### What you should do
Reproduce exactly, and only, the lines of the material below running from the line bearing "Women Clothing Autumn" through the line bearing "Parsons Dining Chairs". Leave any pictures out.

---------- Information provided

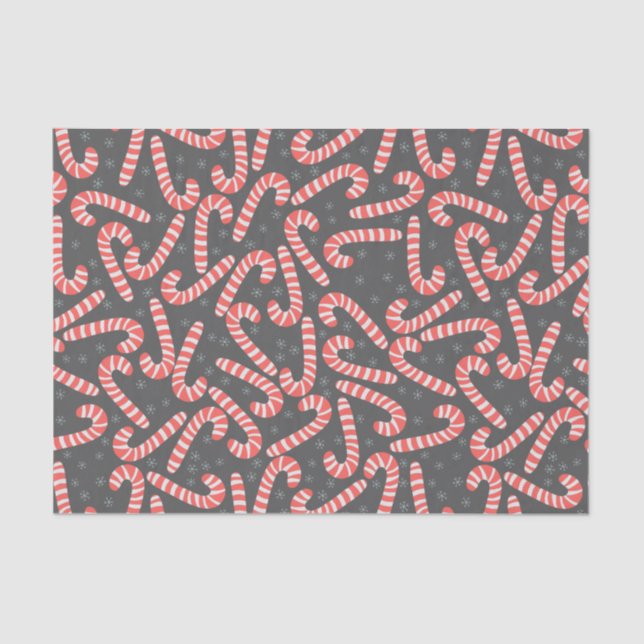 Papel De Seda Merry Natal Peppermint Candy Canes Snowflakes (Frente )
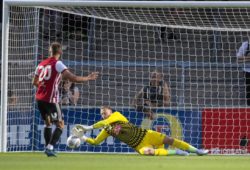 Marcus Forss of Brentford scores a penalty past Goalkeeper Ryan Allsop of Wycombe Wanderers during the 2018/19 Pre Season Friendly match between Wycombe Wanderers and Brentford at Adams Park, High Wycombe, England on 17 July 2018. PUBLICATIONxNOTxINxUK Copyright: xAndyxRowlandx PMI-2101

--------------------
---------- Information provided

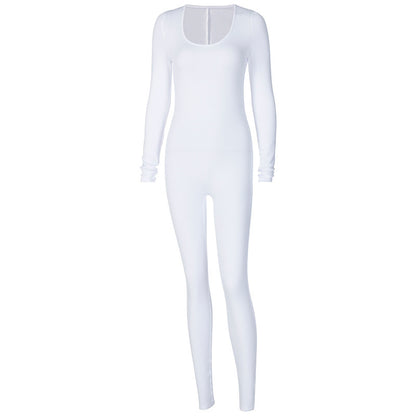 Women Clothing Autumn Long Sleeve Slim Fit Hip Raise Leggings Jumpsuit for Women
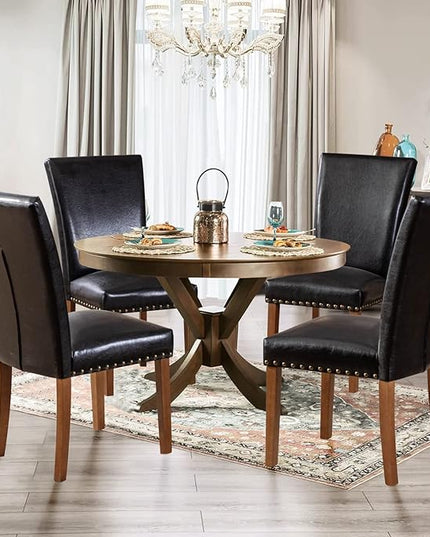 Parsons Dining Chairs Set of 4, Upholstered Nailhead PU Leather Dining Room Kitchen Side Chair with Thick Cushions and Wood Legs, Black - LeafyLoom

--------------------

### Output below
 Women Clothing Autumn Long Sleeve Slim Fit Hip Raise Leggings Jumpsuit for Women
 Parsons Dining Chairs Set of 4, Upholstered Nailhead PU Leather Dining Room Kitchen Side Chair with Thick Cushions and Wood Legs, Black - LeafyLoom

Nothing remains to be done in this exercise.